The need to continue reclaiming the teachings and thought of Jose Carlos Mariátegui
“In synthesis, Mariátegui was a Marxist-Leninist. Beyond that, in Mariátegui, the founder of the Party, we find theses similar to those that Chairman Mao has made universal. Thus, as I see it, today Mariátegui would be a Marxist-Leninist-Maoist. This is not speculation, it is simply the product of understanding the life and work of José Carlos Mariátegui.”- Chairman Gonzalo, Interview, 1988
Jacobin magazine recently published an interview with Michael Löwy on the topic of Jose Carlos Mariátegui — true to their tendency the interview attempts to remove Mariátegui from his time and place while weakening the content of his thought and completely avoiding his actual legacy. They situate him neatly next to the favorite of the Eurocommunists Antonio Gramsci. These maneuvers are within a long history of counter-revolutionary agitation and deserve address.
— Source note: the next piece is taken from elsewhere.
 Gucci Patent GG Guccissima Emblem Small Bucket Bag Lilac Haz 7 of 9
Dishonest theorists will almost consistently try to gut the greatest revolutionary leaders of their merit, this has been done time and again and is part of how counter-revolution operates through co-option. Lenin addressed this occurrence speaking of revolutionaries:
“After their death, attempts are made to convert them into harmless icons, to canonize them, so to say, and to hallow their names to a certain extent for the ‘consolation’ of the oppressed classes and with the object of duping the latter, while at the same time robbing the revolutionary theory of its substance, blunting its revolutionary edge and vulgarizing it.” -Lenin, the State and Revolution
This phenomena exposed by Lenin takes place in all ages, and all countries and most revolutionary leaders face this to some degree, from the hollowing of Marx and Engels by the second international which Lenin was speaking of, to the vulgarization of Mao as nothing but a national hero by the Chinese revisionists, to the utterly de-fanged Mariátegui of the Jacobin imagination. Lenin’s insights offer Communists a clear directive to combat such appropriations and expose them for what they are—counter-revolutionary attempts to sell a flaccid revolt which in no way challenges the ruling class ideas but instead redresses them into a red nightgown.
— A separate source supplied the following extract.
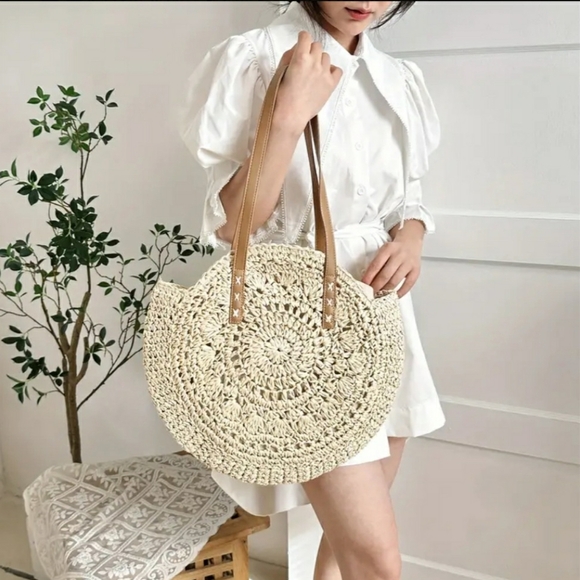Heart4kids Handbags - Straw Woven Tote Bag Double Handle Creamy White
It is likewise impossible to evaluate Lenin without Leninism, that is to say without evaluation of the post-Lenin developments of Marxism-Leninism and its remarkable impact on the world. Lenin is greater than Lenin and is better understood through not only his life but the life which his work has taken posthumously. The same applies to Mariátegui; that is what concerns us here.
It is a fad in academic pseudo-Marxism to latch onto certain great thinkers and pretend that their ideas simply remained in minds and debate societies, without examining how the ideas took life in popular movements and most importantly in revolutionary movements. You cannot honestly evaluate Mariátegui and the Communist Party of Peru which he founded without grasping the reconstitution of the Party and leadership and guiding thought of Chairman Gonzalo which built upon the teachings and thought of Mariátegui and advanced them, making these teachings a reality.
In a 1968 document from the Communist Party of Peru (PCP from here on) the Party might as well have been responding directly to the Jacobin distorters:
“After having tried to bury him in silence, much has been written about Mariátegui. Of course, we also see Mariátegui as very highly spoken of, so as to mystify him, to systematically try to twist him, to try to ‘better’ him with senseless pedantry. It has been said in the first place about Mariátegui that he was not a convicted and confessed Marxist and whose thought was not sustained by Marxism-Leninism.”
Truly understanding the applications of the universal to the specific the Party stated;
“Mariátegui was not a mere repeater, who simply knew four or five formulas, but he is much more, something more profound, more Marxist. He takes Marxism-Leninism and introduces and fuses it with our reality, he gets it into our country, incarnates it in our soil, and upon incarnating it, introducing it, penetrating it in our country with Marxism-Leninism, he Illuminates us with a thought which is still current.”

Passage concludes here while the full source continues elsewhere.